McCullough called the Crown’s theory “overtly speculative,” saying there was no evidence to prove that sequence of events.
“It is a garbage theory and it’s all they’ve got,” he told the jury.
McCullough said there were no “drag marks” from the path into the forest and a “lack of witnesses.”
He said it is unlikely that no one would have heard or seen the struggle. He said the trial heard about how about 10 to 12 officers had gone to canvass for witnesses in the park a week later, during the same time they believe the girl died, but could not keep up with the crowds.
“One thing after another doesn’t add up,” McCullough said.
He said the Crown’s case rests on the belief it would have been out of character for the teen to have sex with Ali.
“I don’t think its outlandish to suggest that (she) may have found him attractive,” McCullough said.

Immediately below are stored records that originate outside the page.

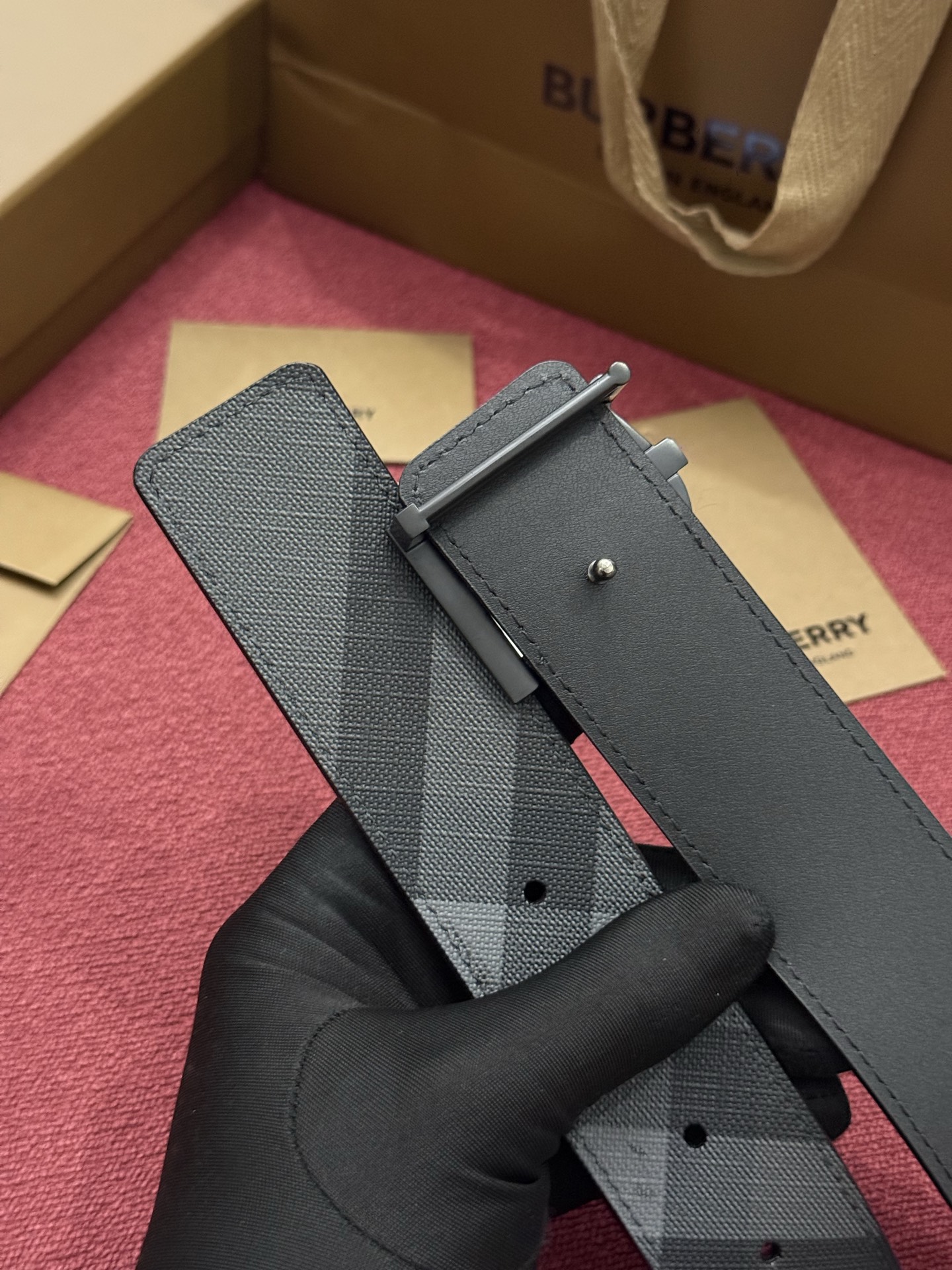 《Burberry》博柏利 格纹/牛皮 品质毋庸置疑 没有更好 只有最好  宽度4.0cm  内置NFC正品芯片感应验证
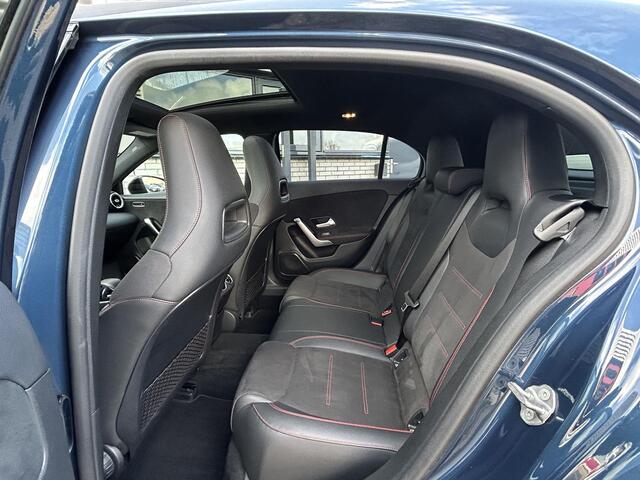 Mercedes-Benz A-KLASSE 180 AMG | Panoramadak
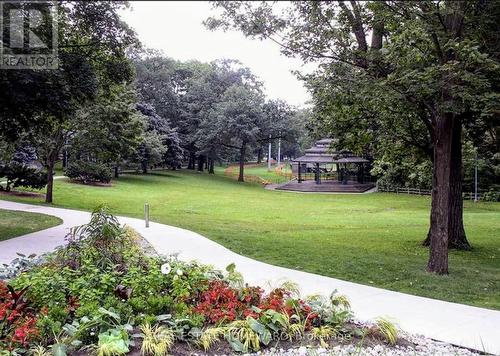 201 - 2 Bellefair Avenue, Toronto, ON - Outdoor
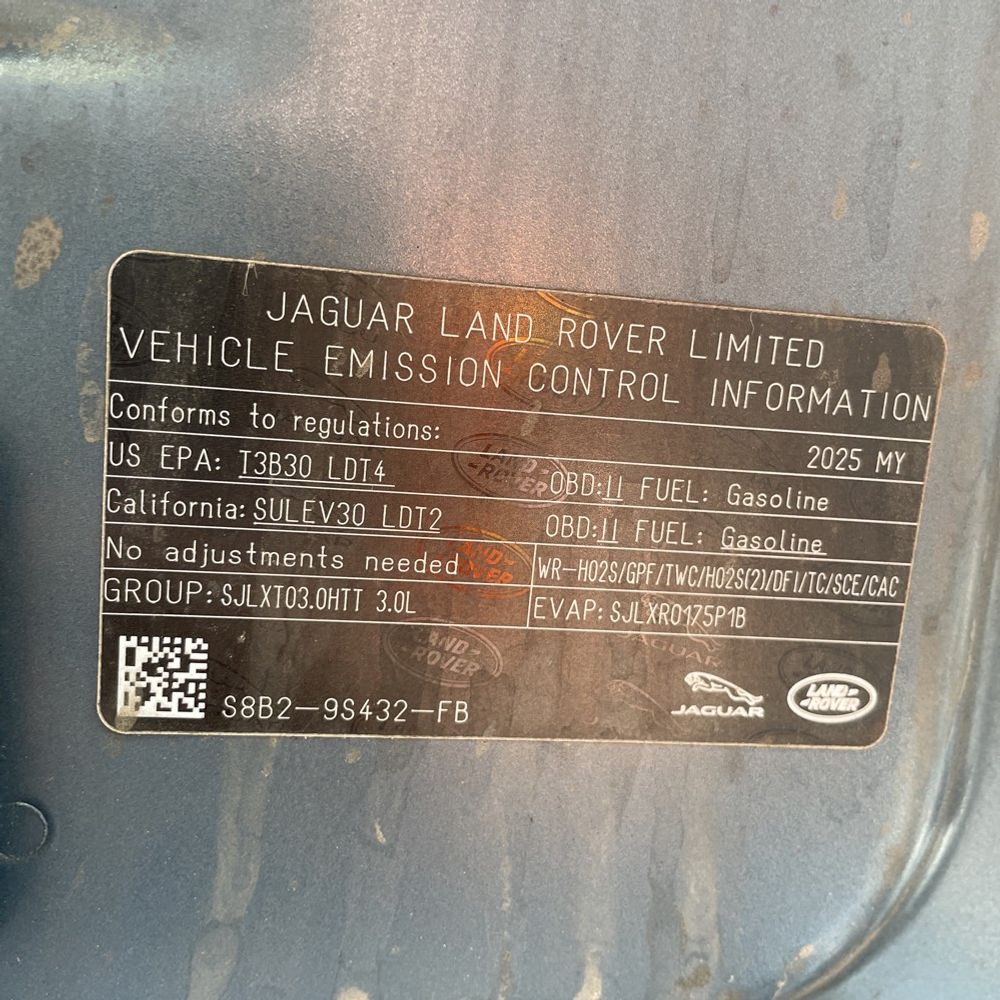 2025 Land Rover Defender 110 X-Dyn SE P400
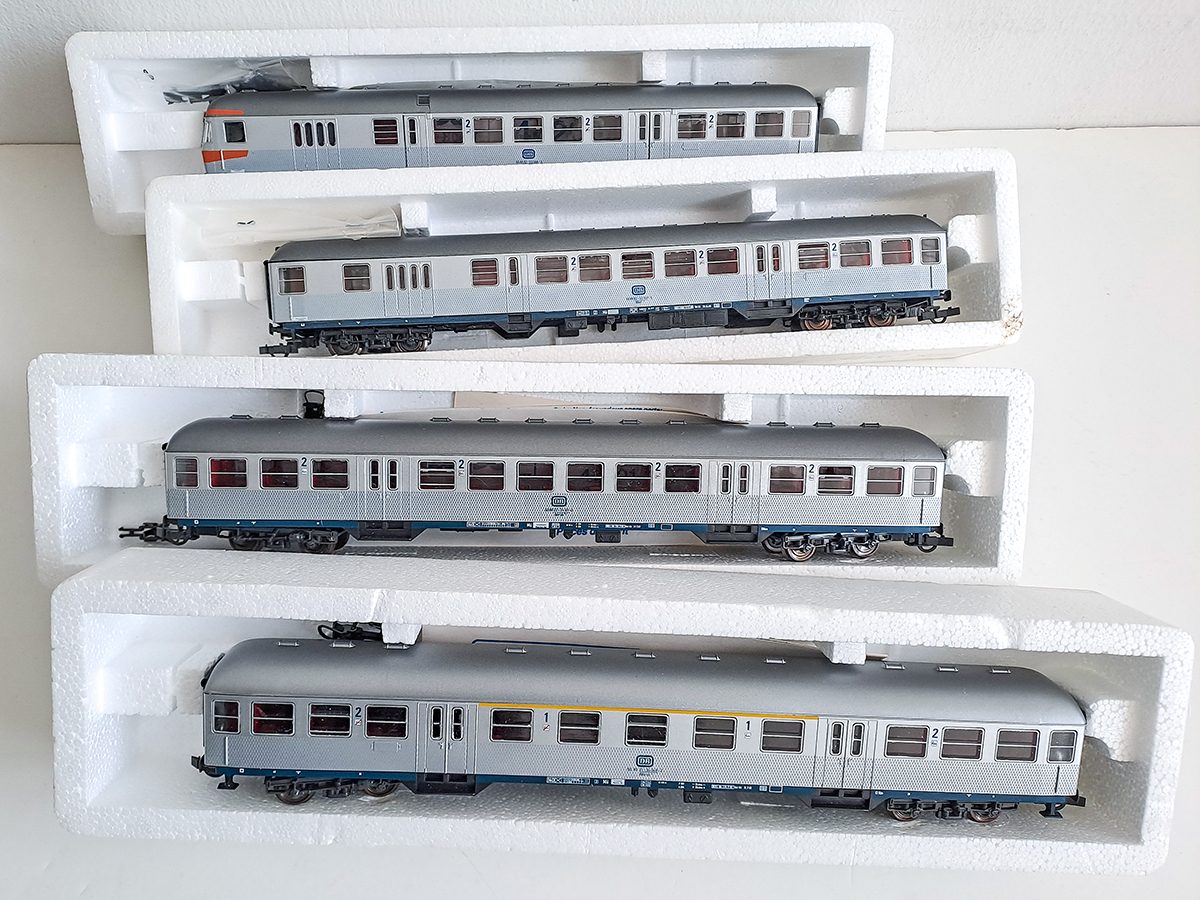 SET 44400 suburban silverfish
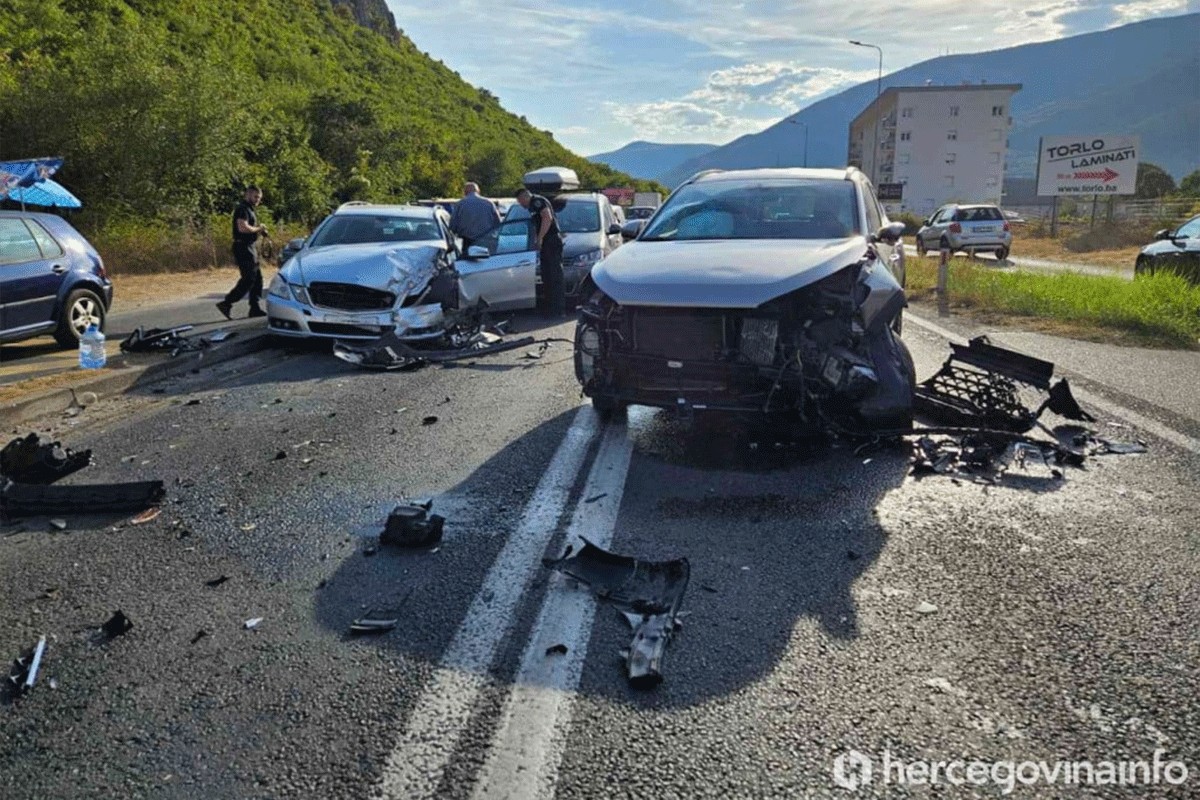 Udes kod Mostara: Sudarila se tri vozila, ima povrijeđenih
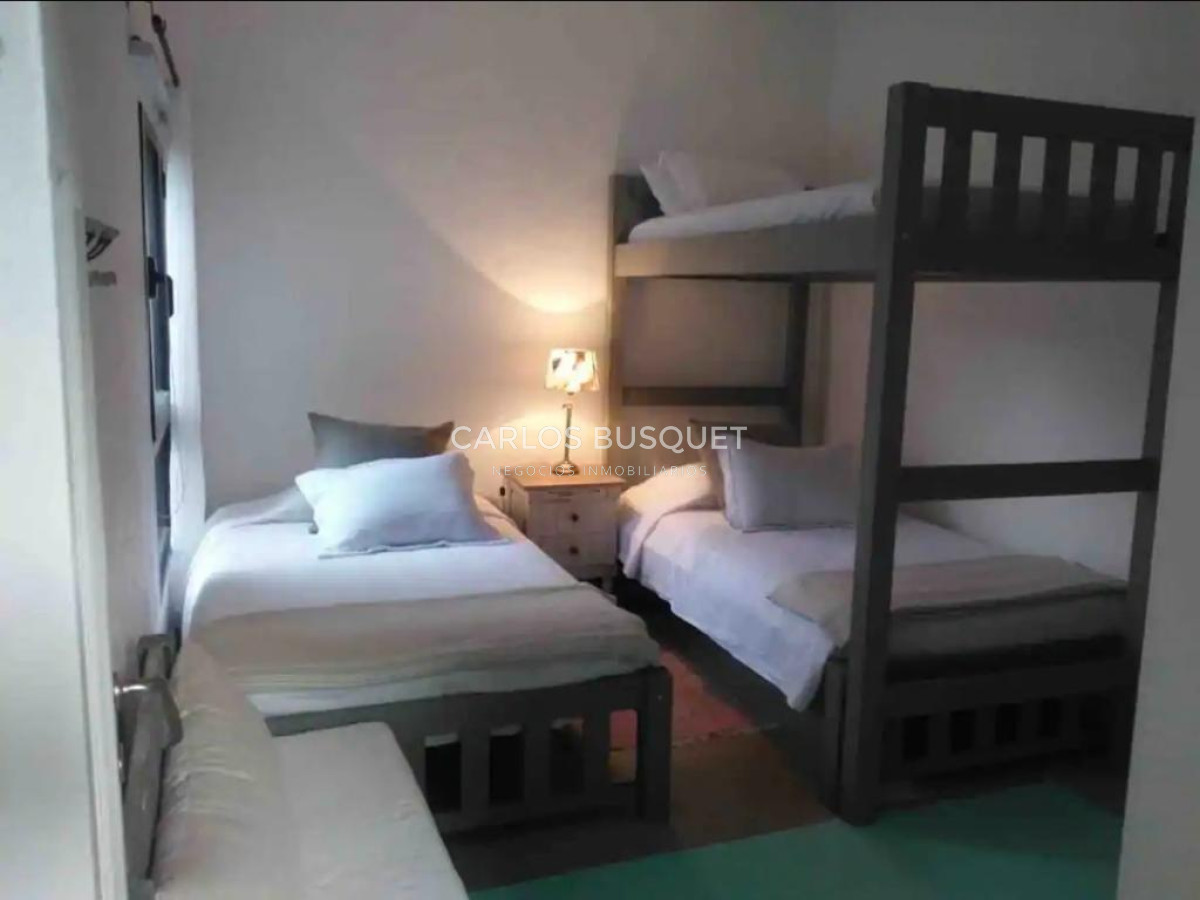 Casa ID.666 - Casa en alquiler de 4 dormitorios en Jose Ignacio 
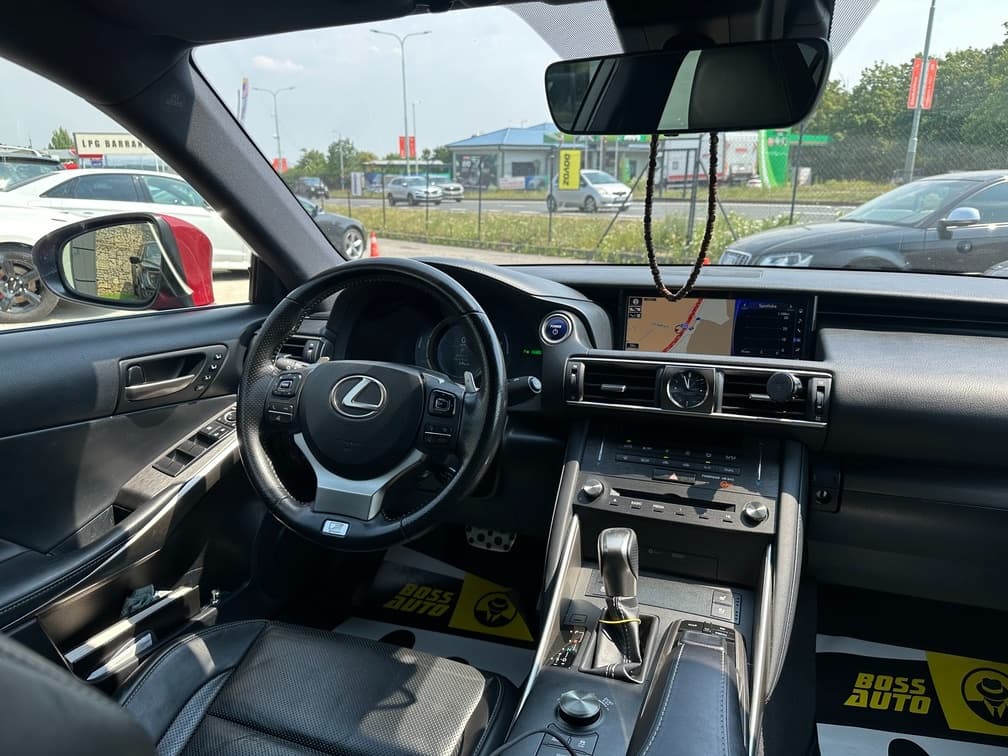 2020 Lexus IS - 17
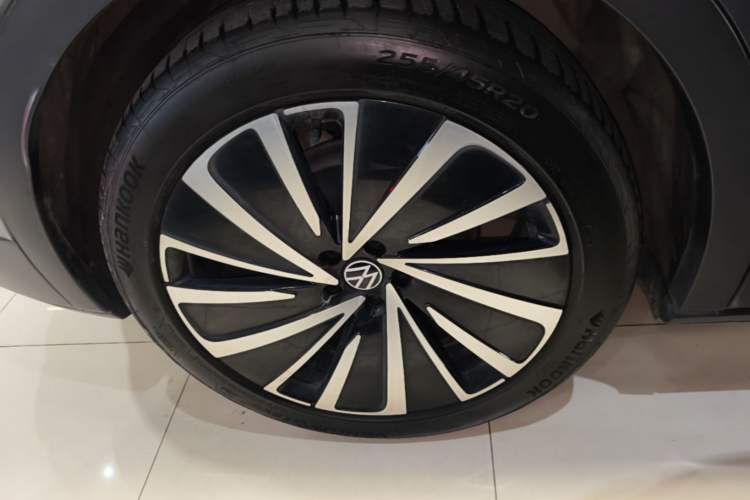 Used Volkswagen ID.4 X 2022 Pure Long-Range Version Right Rear Wheel Hub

“I emphasize, ladies and gentleman, how little you know about either of them and how little any of us can really know about personal lives.”
He pointed again to the lack of defensive wounds found on the girls body.
“No defensive wounds is consistent with consensual non-forced sex. Defensive wounds (are) consistent with a struggle,” McCullough said.
McCullough told the jury Thursday that the Crown had not proved its case and that the jury could not find Ali guilty of murder simply because he “had sex” with the girl.
On Friday, he said it is not reasonable to conclude the two did not know each other, noting that the Crown only presented cellphone records at trial.
He suggested Ali and the girl could have communicated through other means, including social media apps.
“We don’t even know what apps she had on her phone” he said.
McCullough said the Crown’s theory of the crime was “overly speculative,” while the “stronger inference” is that “the body was dumped where it was found, probably hours later in the cover of night.”
He said the forensic pathologist told the trial that he could not say whether the girl was “brought to the park dead or alive” or “whether she was killed where her body was found.”
“You can’t convict someone when such glaring questions exist on the evidence,” he told the jury.
Justice Lance Bernard will give his final instructions to the jury before members begin their deliberations.